--- About this task ---
An exact copy of the listing is required, with its pictures removed.

*** Given records Section Begins ***

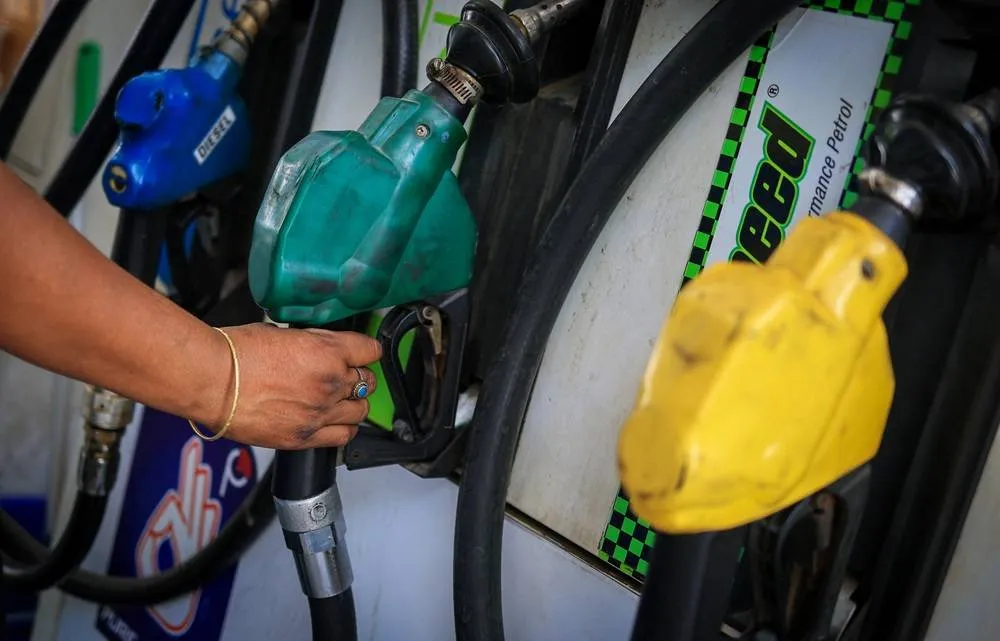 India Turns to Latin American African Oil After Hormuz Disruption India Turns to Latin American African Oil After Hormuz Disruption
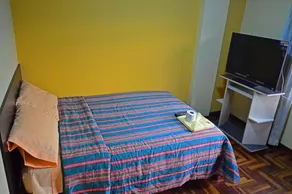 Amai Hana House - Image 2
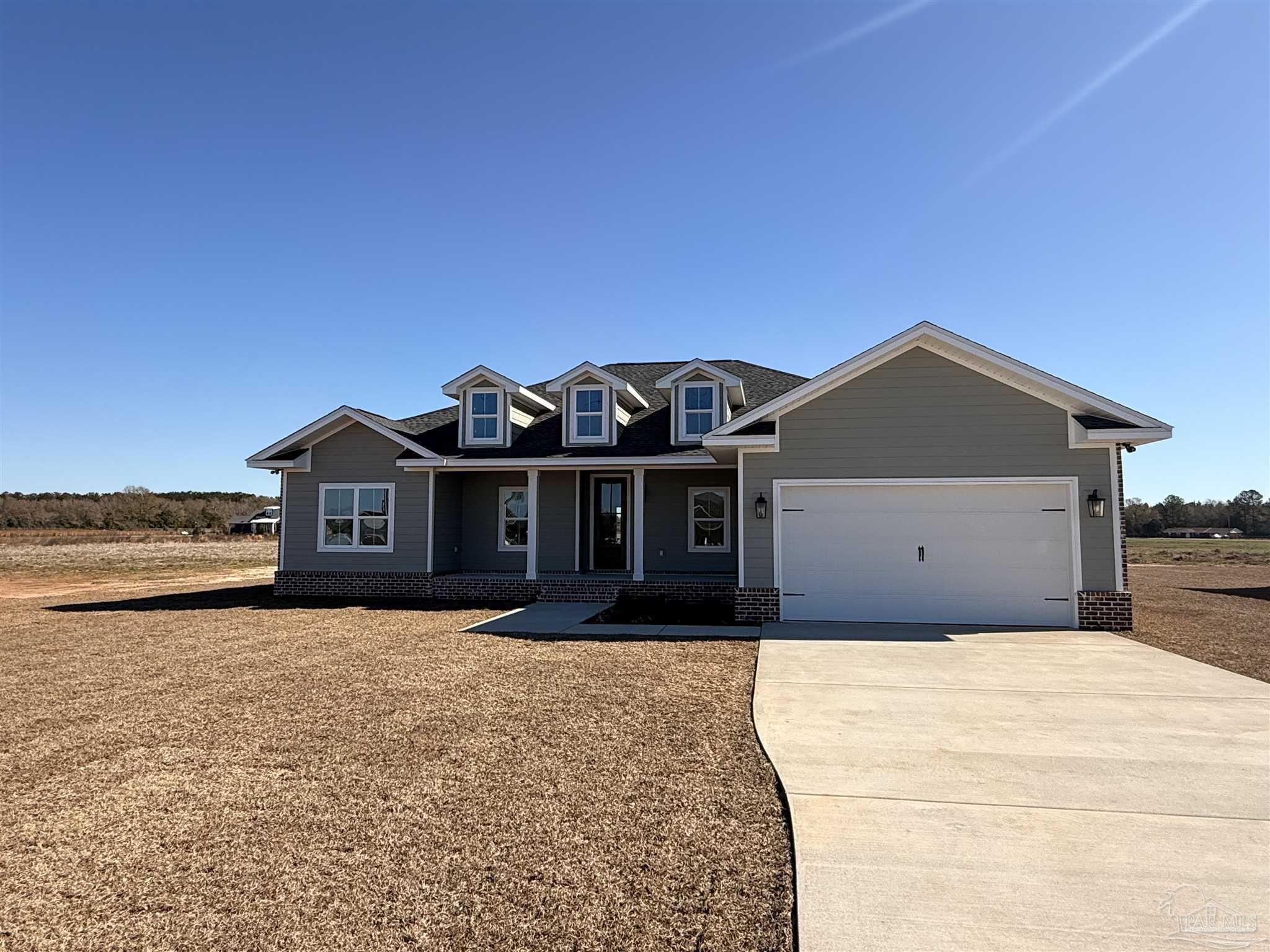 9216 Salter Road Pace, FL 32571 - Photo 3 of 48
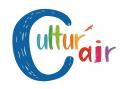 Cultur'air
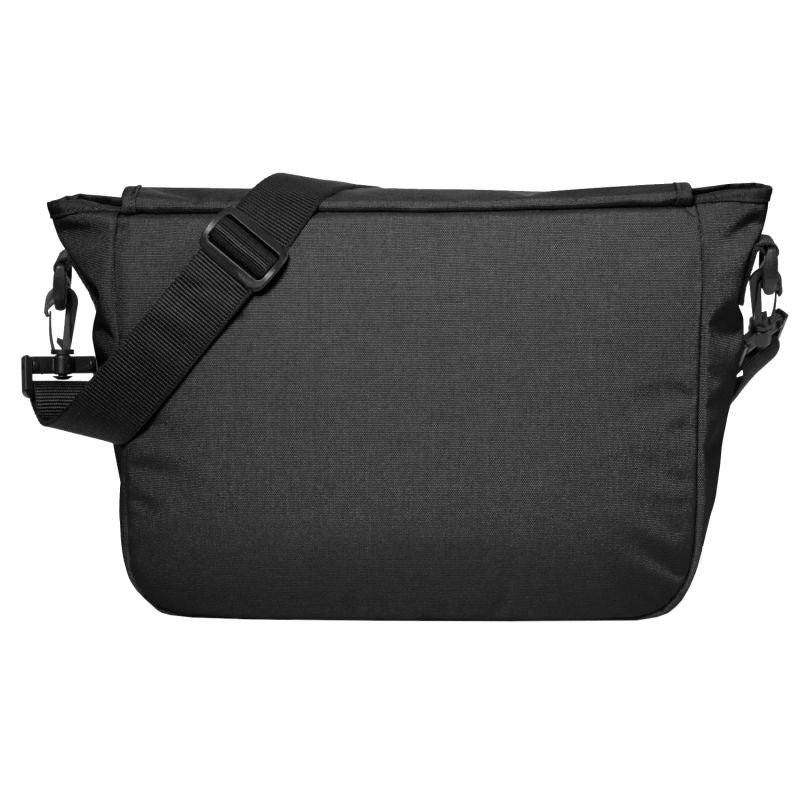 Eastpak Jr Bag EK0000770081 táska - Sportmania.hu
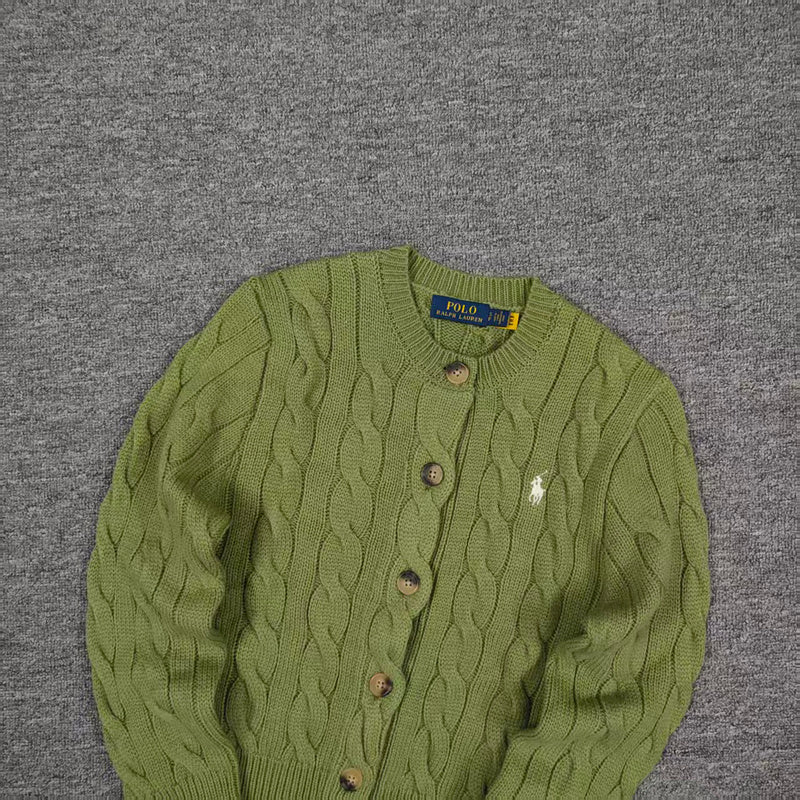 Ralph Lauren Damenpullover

*** Given records Section Ends ***

--- Expected output ---
 India Turns to Latin American African Oil After Hormuz Disruption India Turns to Latin American African Oil After Hormuz Disruption
 Amai Hana House - Image 2
 9216 Salter Road Pace, FL 32571 - Photo 3 of 48
 Cultur'air
 Eastpak Jr Bag EK0000770081 táska - Sportmania.hu
 Ralph Lauren Damenpullover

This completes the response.